The award for most magically decorated eggs has to go to the Ukrainians and their pysanky eggs. Pysanky eggs are decorated by applying melted beeswax to a hollow eggshell. The layering of intricately applied melted wax and dying can take hours per egg.
Before Christianity came to the Slavic peoples, Ukrainians decorated their eggs for the sun god Dazhboh. Eggs symbolizing life, fertility, and the rebirth of spring were potent magical items used to protect homes, as well as to confer protective spells and blessings on people.
Ukrainians living in the Carpathian Mountains told a story about how the fate of the world depended on pysanky eggs:
Chained to a cliff in the mountains is an ancient serpent. If loosed, it will devour the world.
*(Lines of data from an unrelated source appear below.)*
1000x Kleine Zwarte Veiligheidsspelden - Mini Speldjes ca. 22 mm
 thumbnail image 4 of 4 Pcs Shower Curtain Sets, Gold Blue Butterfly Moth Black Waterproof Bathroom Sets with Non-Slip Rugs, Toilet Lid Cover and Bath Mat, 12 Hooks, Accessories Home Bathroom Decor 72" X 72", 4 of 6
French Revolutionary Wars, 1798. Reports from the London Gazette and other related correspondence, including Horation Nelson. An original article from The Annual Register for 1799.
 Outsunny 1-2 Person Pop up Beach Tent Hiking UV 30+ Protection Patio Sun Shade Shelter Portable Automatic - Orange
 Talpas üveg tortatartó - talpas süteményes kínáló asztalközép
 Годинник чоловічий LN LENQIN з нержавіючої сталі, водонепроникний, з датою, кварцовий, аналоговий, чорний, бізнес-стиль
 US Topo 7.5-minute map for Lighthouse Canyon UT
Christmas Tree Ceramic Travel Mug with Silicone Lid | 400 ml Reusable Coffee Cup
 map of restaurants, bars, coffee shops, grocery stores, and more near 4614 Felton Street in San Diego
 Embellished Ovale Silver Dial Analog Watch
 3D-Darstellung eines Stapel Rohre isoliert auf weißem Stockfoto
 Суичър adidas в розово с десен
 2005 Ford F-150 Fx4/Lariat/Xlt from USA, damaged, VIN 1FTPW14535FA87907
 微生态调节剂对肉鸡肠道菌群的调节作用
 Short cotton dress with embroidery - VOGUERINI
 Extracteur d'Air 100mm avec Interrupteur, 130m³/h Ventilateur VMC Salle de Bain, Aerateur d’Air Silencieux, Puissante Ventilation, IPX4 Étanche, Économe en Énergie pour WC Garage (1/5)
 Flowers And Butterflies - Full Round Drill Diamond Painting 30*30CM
Each year, minions of the serpent venture out into the world and count the pysanky being made. If the number of pysanky has decreased, the serpent will break its chains, but if the number has increased, the serpent’s chains are tightened and the people will survive for another year.
If you want to add pysanky and keep the serpent chained, you will need eggs, wax, and a special tool called a kistka.
Specific motifs and colors on pysanky have different uses. Some protect homes from disasters, lightning, or fire. Pysanky written with a spiral motif are for trapping demons. Wave designs symbolize water and ensure a good crop. The goddess motif promises fertility.
The laborious and highly detailed act of making the pysanky egg, created with secret methods passed down from mother to daughter, is a powerful example of creating the sacred. Pysanky artists imbue their eggs with magic, originally for their indigenous gods and then for the Christian God and the miracle of resurrection. It is a tradition that stretches back over 1000 years and is still practiced wherever Ukrainian people live.